In other words, the next three weeks are when you ditch your enemies, make new friends and lay the groundwork for the “future.” With this in mind, it is meaningful to review some momentous occasions at PSU and revisit a few defining moments.
With many still reeling from the Presidential Election of 2000 and wanting to forget the whole damned sordid affair, it is a useful reminder of, at least, PSU’s widely perceived image as liberal, untethered center of radical politics. Admittedly, once in attendance, it seems rather staid and an often-heard complaint is that the average PSU student is woefully uninvolved, but it was here that Albert Gore decided to refashion himself as an environmental candidate after being criticized by green groups nationwide. His rally in front of Shattuck Hall became, in the words of one democrat, where the Gore campaign realized that Nader had mobilized a much more impassioned group of activists and loyalists. I can still remember a few screaming “Fuck Gore” and finally realizing that this candidate had some serious legitimacy problems within his own flock. Days later, while ASPSU President Bar Johnson was dealing with her own legitimacy issues because of severe criticism of her unflagging mobilization of voters and support of democratic candidates, Karenna Gore was running on a beach with her father Al wearing a PSU sweatshirt; not exactly Yale, but we had made Newsweek, nonetheless.
As students returned for winter quarter, the dissecting of the campus had begun for the Largest and Most Expensive Shopping Cart in the World (also known as the Portland Streetcar). Many students and staff expressed surprise and concern that such a mammoth project had reach a point of fruition without any student input. Again, like so many other projects “under the radar” at PSU, the Streetcar seemed another intrusion of big business into academia. Supposedly, this transportation option would benefit all involved, and now with it fully functional, many students are affirmed in their suspicion that it was always purely cosmetic.

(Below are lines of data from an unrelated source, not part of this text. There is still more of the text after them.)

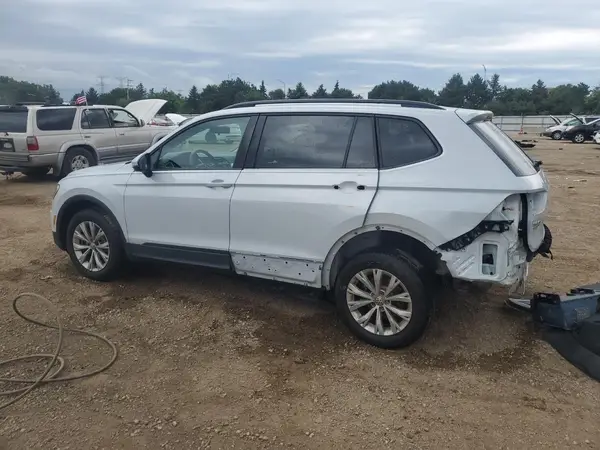 3VV1B7AX0JM069306 2018 VOLKSWAGEN TIGUAN - Image 2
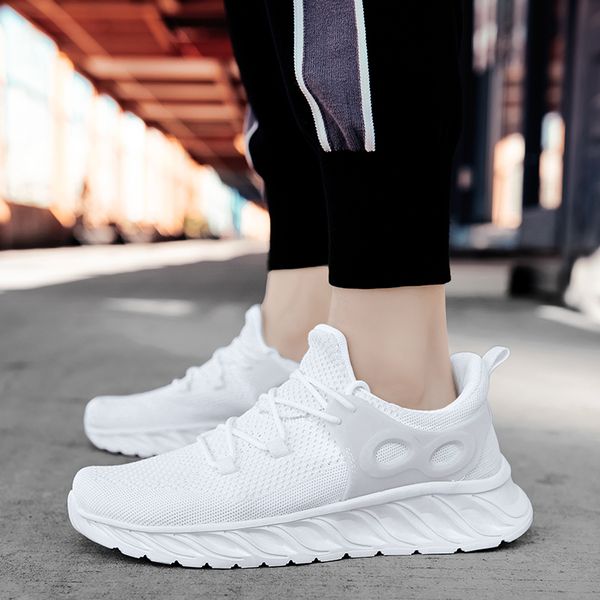 

running shoes for men 2020 sneakers mesh sport chaussure homme basket mens summer gym lace up trainers male breathable footwear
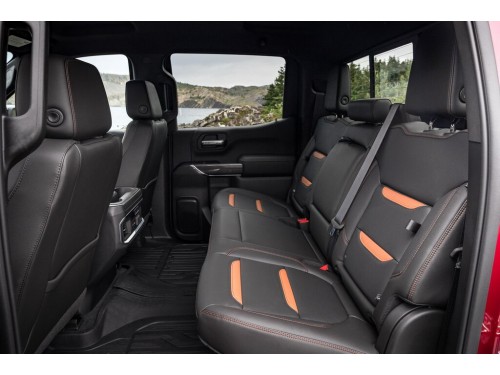 Характеристики автомобиля GMC Sierra 2.7 AT 4x4 Crew Cab Standard Box 1500 Sierra (09.2018 - 06.2021): фото, вместимость, скорость, двигатель, топливо, масса, отзывы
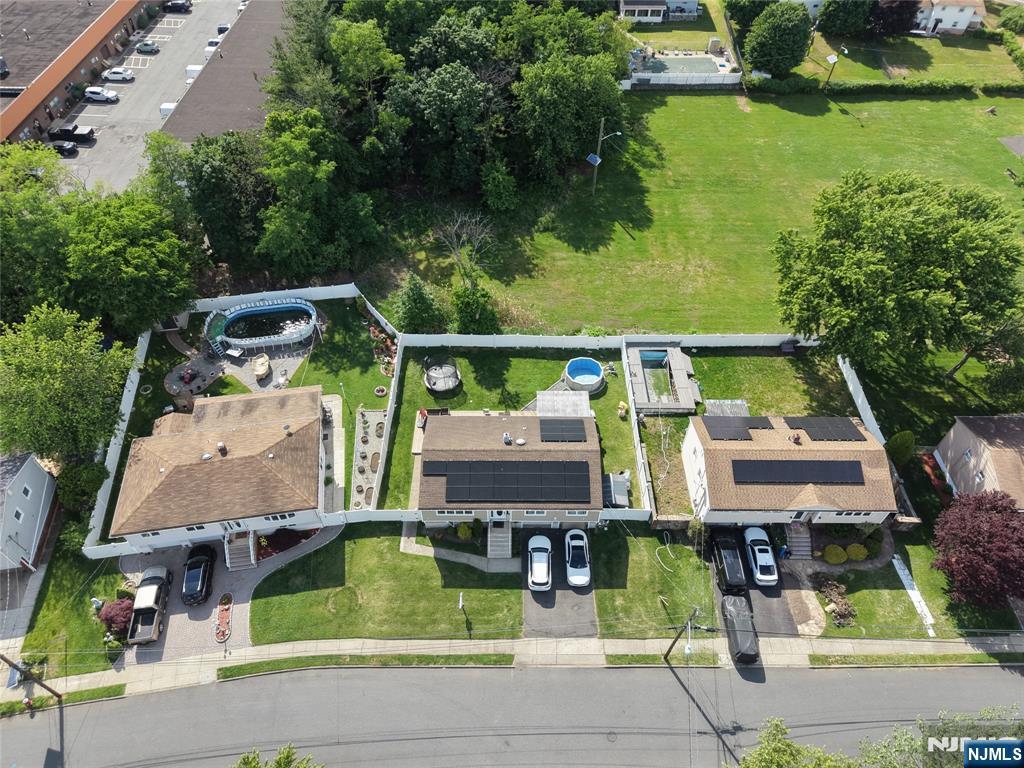 15 Robby Road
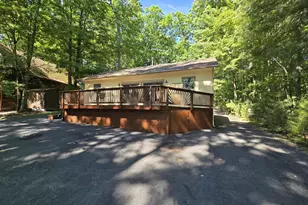 24 Lakeside Dr, Lakeville, PA 18438 - Photo 2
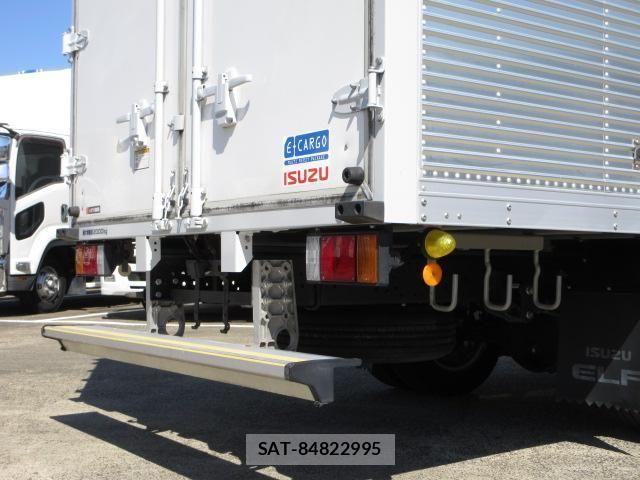 Isuzu ELF TRUCK 2019-02 7271847-20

Winter quarter also saw a PSU student, Dmitri Dysellas, begin a courageous information campaign against U.N. sanctions on Iraq. The Vanguard printed a letter from Dysellas and graphic photos as testament of the inhumane sanctions’ effect on children (Vanguard Volume 55, issue 53). This caused quite a stir on campus. Later, Dysellas was involved in another attention getting campaign, this time a lawsuit against PSU for violating his rights as a student and as a journalist. This lawsuit stemmed from a seizure of work-related material in The Rearguard (a left-leaning campus publication). Though the lawsuit is regarded by many as legally flawed, it did expose mismanagement of student files and insensitivity on the part of the administration toward student concerns and, especially, their draconian attitude toward student publications, clubs and student government.
Also, during winter quarter, students lost another battle. Again, despite intensive lobbying, tuition for Oregon schools is set for an increase. Here, at PSU, while glass monolithic buildings replace parking lots and houses are refashioned with million dollar budgets, students pay the highest tuition for educational “value” returned of all Western States, and ranked in the bottom-5 nationally. All the while, students heard “these building are not being built with student money.” Really?
While University Studies continues to steamroll over most thoughtful suggestions and critiques, there are still many unanswered concerns, Not the least of which is many student’s dissatisfaction with the Senior Capstone’s remarkable inflexibility. Added to this is now an underclassmen revolving joke about the math teacher professing the tenets of Shakespeare while everyone, even the lowliest freshmen, can see through the not-so-hidden guise. Yet, there is the dizzying feeling that critiquing University Studies in any way is to take on a gargantuan media-savvy spin machine out of control and running downhill.
As these memories of PSU’s past year bear witness, many issues need the attention of the students of Portland State University when we return in fall quarter for another round of higher education. The battles (hopefully few, likely many) that we choose to galvanize around will not only define us as a university, but will impact the integrity of our degree in the future. In my opinion, the next few weeks of respite, will be just the time when students question themselves and their intentions and prepare for the school year ahead and the important considerations that all of us face at Portland State.